Unless I'm mistaken, distributed.net
OGR is ALU-only. This particular math puzzle seems to have some interesting practical applications:
OGR's have many applications including sensor placements for X-ray crystallography and radio astronomy. Golomb rulers can also play a significant role in combinatorics, coding theory and communications, and Dr. Golomb was one of the first to analyze them for use in these areas.
X-ray crystallography is used in protein studies. Who knows, OGR might even benefit FAH indirectly. According to Wikipedia, one of the coordinators of distributed.net in its current form is certain
Adam L. Beberg. Hmm, why does the name
Beberg sound vaguely familiar...
For starters, I was surprised to see that running 4 OGR crunchers instead of just 2 gave me over 1.5x performance boost. Then again, ALUs are much simpler than FPUs and HyperThreads have
some resources duplicated, so I presume the ALU side of my 2C/4T gets closer to a true quad than the FPU side. Consider AMD BullDozer, for example; ALU side is true octocore but it actually has only 4 FPUs... Without further ado, let's have FAH and OGR duke it out on my 2C/4T CPU.
OGR only:
- 28 Mnodes / s == 36ms / Mnode (2 crunchers, 50% CPU)
- 43 Mnodes / s == 23ms / Mnode (4 crunchers, 100% CPU)
2x P6892 uniprocessor CPU WUs only:
2x P6892 + 2x OGR :
- 29min TPF + 20Mnodes / s == 50ms / Mnode (50% uni + 48% OGR, 100% total)
2x P6892, P5770 and P7630:
- 29min TPF (50% uni + 0.5% GPU2 + 3.5% GPU3)
2x P6892, P5770 and P7630 + 2x OGR:
- 34min TPF + 17 Mnodes /s == 59ms / Mnode (50% uni + 0.5% GPU2 + 3.5% GPU + 43% OGR, 100% total)
I use Process Lasso to tweak priorities and affinities.
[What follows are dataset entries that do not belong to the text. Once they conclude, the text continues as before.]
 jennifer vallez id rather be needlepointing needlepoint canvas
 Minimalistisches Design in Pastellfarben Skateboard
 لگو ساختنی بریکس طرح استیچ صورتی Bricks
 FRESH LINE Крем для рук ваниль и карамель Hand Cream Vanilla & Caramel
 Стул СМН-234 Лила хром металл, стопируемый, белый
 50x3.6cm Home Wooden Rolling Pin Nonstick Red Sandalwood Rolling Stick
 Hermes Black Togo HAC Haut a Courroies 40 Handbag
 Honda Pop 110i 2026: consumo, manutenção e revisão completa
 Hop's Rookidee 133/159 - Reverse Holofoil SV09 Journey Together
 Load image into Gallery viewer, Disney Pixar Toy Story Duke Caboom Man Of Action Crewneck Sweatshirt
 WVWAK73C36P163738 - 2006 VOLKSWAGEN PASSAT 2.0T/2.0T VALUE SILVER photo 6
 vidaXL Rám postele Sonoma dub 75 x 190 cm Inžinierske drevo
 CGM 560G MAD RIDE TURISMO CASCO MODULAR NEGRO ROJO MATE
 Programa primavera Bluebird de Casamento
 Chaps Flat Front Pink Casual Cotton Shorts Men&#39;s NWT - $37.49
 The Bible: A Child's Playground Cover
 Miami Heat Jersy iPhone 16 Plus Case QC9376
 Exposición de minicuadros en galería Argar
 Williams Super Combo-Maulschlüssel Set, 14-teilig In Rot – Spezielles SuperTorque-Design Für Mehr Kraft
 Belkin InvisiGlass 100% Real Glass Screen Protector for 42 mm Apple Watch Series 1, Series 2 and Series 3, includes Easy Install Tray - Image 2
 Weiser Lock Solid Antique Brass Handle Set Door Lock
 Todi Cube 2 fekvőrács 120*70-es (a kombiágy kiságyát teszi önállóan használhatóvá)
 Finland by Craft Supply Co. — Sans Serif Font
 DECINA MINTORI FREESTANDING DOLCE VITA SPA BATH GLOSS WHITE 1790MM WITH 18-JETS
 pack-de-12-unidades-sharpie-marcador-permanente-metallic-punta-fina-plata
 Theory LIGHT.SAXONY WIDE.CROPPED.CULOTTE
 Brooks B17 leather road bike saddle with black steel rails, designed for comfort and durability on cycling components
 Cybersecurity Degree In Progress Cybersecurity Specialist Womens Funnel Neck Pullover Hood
Here are some further details and observations:
- OGR is Low priority and running on cores 0 and 3 along with GPU cores, ensuring access to both physical ALUs
- Uniprocessor slots are Above Normal priority and running on cores 1 and 2, ensuring access to both physical FPUs as well as minimal preemption from normal processes
- GPU2 slot is High priority and running on core 0, preempting just about everything on it
- GPU3 slot is High priority and running on core 3, --- "" ----
- GPU folding performance remains unaffected in all cases, no surprises there
- GPU folding requires also some kernel time because it needs to access the GPU hardware through drivers
- CPU kernel time produced by GPU folding seems to stick to cores 0 and 3 according to Task Manager graphs
HT is providing decent concurrency in the 2x P6892 + 2x OGR case. CPU is fully utilized and P6892 frame times increase only about (29-27) / 27 * 100% ==
7.4%. Since FAH is my priority charity, it's nice to see that uniprocessor slots are going strong while OGR takes the bigger hit in milliseconds per Mnode, (50-36) / 36 * 100% ==
39%, . I don't quite understand why uniprocessor frame times increase from 29min to 34min when I run everything concurrently. Maybe Task Manager doesn't show every little detail after all, and with 2x uni + 2x GPU + 2x OGR there shall certainly be frequent scheduling clashes on cores 0 and 3. OGR's 50 ==> 59 ms / Mnode increase is easily explained by the CPU overhead from GPU folding, though.
Conclusion: I'm going to stick with 2x uni + 2x GPU + 2x OGR. About (34-29) / 29 * 100% ==
17% increase in uniprocessor TPF introduced by adding OGR to the mix isn't that bad. Uniprocessor WUs have long deadlines anyway, and for some reason I never get any A4 WUs, so it's not like I'm losing any QRBes either.